* Problem *
Take the listing below and print exactly the lines starting at the line containing "Item preview, The" and ending at the line containing "thumbnail image 2", both ends included, and no others.
-*-*-
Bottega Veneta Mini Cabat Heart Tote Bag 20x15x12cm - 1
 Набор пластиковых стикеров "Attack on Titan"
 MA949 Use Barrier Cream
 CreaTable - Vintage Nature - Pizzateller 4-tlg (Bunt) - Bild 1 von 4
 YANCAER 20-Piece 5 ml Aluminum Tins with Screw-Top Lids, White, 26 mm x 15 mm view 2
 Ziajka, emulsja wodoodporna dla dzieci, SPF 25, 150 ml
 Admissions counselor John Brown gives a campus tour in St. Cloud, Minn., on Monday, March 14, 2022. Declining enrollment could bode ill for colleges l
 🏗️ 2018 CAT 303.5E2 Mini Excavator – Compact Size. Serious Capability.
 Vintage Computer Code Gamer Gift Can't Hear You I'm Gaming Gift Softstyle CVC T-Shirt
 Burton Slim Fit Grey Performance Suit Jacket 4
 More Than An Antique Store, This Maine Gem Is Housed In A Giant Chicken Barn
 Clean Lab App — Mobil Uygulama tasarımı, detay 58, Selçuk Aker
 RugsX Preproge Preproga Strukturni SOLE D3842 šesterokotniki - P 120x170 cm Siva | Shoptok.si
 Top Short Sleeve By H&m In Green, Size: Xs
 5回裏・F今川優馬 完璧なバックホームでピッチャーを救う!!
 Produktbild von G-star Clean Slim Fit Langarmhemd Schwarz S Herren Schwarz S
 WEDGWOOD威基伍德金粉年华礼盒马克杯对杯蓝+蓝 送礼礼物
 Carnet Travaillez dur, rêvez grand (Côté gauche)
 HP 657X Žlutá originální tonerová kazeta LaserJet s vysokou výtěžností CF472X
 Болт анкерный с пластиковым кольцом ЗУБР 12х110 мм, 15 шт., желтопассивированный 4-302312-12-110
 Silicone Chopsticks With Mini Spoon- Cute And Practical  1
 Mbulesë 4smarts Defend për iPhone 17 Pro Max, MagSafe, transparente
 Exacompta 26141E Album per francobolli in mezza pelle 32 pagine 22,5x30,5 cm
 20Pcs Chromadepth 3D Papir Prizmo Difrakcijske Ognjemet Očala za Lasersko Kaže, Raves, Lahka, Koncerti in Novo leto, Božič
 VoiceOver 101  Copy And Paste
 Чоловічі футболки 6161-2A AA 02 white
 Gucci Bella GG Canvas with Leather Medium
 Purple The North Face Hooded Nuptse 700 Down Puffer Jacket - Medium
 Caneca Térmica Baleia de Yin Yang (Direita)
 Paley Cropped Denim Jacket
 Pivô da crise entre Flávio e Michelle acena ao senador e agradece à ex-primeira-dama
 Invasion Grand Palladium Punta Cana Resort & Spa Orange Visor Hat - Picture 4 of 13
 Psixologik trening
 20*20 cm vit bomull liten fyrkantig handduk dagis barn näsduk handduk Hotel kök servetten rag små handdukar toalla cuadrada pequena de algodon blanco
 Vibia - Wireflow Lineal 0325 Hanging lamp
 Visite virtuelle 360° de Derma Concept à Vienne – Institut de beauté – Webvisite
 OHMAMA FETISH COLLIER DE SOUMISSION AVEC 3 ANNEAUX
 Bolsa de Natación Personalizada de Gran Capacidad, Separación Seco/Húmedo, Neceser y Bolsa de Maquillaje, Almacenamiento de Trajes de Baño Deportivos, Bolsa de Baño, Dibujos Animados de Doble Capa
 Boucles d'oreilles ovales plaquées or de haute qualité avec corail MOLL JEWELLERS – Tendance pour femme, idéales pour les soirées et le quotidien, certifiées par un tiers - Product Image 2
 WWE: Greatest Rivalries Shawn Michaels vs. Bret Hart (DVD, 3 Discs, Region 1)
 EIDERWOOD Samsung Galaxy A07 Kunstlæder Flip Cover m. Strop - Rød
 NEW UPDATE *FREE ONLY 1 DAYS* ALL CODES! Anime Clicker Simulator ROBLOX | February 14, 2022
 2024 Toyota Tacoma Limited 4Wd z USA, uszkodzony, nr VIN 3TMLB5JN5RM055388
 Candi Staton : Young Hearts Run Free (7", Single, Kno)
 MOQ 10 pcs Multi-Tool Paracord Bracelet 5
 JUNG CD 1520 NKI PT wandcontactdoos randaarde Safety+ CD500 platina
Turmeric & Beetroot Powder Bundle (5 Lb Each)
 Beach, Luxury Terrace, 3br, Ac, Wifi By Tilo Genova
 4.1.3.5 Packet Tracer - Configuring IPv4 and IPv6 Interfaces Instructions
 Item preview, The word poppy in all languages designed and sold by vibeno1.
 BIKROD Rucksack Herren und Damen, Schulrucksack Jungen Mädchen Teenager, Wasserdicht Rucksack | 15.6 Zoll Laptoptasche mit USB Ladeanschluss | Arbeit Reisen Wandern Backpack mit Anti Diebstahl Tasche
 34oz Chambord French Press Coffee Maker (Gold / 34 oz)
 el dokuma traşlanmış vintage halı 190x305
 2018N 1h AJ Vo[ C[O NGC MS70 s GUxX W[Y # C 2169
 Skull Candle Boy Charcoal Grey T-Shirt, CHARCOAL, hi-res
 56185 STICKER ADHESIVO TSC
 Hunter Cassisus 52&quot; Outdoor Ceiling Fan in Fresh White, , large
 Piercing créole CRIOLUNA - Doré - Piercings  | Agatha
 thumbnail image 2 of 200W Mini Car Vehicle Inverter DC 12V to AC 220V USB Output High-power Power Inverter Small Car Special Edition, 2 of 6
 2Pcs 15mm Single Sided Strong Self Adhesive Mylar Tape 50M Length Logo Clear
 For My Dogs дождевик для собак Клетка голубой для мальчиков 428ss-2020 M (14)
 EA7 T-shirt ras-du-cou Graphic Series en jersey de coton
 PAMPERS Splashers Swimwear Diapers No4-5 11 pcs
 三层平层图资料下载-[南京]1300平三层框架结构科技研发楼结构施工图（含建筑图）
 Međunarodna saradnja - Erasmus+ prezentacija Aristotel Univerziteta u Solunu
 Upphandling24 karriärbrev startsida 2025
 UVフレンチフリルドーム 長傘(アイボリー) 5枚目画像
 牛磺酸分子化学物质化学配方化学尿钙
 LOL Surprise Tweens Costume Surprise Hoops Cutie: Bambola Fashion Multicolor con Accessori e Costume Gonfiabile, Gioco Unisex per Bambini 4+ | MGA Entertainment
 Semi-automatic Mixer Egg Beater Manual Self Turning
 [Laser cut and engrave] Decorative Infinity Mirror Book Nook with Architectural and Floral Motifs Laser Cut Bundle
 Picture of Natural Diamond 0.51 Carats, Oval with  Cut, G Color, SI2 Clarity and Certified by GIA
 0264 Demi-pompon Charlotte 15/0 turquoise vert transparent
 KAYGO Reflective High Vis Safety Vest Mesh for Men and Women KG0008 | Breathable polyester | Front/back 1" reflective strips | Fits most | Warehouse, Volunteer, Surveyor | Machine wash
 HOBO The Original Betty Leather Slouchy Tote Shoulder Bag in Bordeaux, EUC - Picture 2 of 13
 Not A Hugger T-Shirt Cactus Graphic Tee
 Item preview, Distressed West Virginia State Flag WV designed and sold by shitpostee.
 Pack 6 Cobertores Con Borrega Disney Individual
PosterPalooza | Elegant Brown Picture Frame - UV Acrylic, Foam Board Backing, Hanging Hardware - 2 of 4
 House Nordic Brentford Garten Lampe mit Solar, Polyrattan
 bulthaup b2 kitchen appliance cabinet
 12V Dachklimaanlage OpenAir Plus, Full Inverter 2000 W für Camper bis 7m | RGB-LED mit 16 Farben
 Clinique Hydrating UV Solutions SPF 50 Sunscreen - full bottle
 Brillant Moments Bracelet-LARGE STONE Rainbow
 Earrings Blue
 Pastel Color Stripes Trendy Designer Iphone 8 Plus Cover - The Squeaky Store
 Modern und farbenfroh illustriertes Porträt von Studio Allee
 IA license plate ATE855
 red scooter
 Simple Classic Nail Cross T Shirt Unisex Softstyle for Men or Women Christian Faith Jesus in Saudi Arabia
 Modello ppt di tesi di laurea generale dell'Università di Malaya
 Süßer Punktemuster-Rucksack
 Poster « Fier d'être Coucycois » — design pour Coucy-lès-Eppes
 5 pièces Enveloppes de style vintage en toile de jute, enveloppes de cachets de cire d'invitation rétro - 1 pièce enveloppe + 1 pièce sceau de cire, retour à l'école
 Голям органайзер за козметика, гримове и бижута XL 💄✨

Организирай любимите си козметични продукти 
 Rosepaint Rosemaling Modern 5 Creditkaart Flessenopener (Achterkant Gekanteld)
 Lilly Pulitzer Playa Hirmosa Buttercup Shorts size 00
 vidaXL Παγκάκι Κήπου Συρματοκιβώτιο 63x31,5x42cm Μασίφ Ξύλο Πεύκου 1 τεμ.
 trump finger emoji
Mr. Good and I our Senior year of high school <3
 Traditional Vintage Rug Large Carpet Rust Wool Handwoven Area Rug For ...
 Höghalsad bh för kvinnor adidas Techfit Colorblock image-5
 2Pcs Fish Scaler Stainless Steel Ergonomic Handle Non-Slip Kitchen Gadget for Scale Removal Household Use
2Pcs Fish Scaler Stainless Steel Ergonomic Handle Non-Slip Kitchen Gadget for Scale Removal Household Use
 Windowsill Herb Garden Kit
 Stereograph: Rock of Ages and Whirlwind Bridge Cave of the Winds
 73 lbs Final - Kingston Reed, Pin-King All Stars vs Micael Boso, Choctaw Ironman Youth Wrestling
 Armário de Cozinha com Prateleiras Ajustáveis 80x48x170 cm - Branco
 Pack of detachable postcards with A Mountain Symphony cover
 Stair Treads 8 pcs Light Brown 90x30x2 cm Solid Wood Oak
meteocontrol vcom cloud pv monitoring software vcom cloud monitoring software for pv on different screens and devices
-*-*-
* Your response *
 Item preview, The word poppy in all languages designed and sold by vibeno1.
 BIKROD Rucksack Herren und Damen, Schulrucksack Jungen Mädchen Teenager, Wasserdicht Rucksack | 15.6 Zoll Laptoptasche mit USB Ladeanschluss | Arbeit Reisen Wandern Backpack mit Anti Diebstahl Tasche
 34oz Chambord French Press Coffee Maker (Gold / 34 oz)
 el dokuma traşlanmış vintage halı 190x305
 2018N 1h AJ Vo[ C[O NGC MS70 s GUxX W[Y # C 2169
 Skull Candle Boy Charcoal Grey T-Shirt, CHARCOAL, hi-res
 56185 STICKER ADHESIVO TSC
 Hunter Cassisus 52&quot; Outdoor Ceiling Fan in Fresh White, , large
 Piercing créole CRIOLUNA - Doré - Piercings  | Agatha
 thumbnail image 2 of 200W Mini Car Vehicle Inverter DC 12V to AC 220V USB Output High-power Power Inverter Small Car Special Edition, 2 of 6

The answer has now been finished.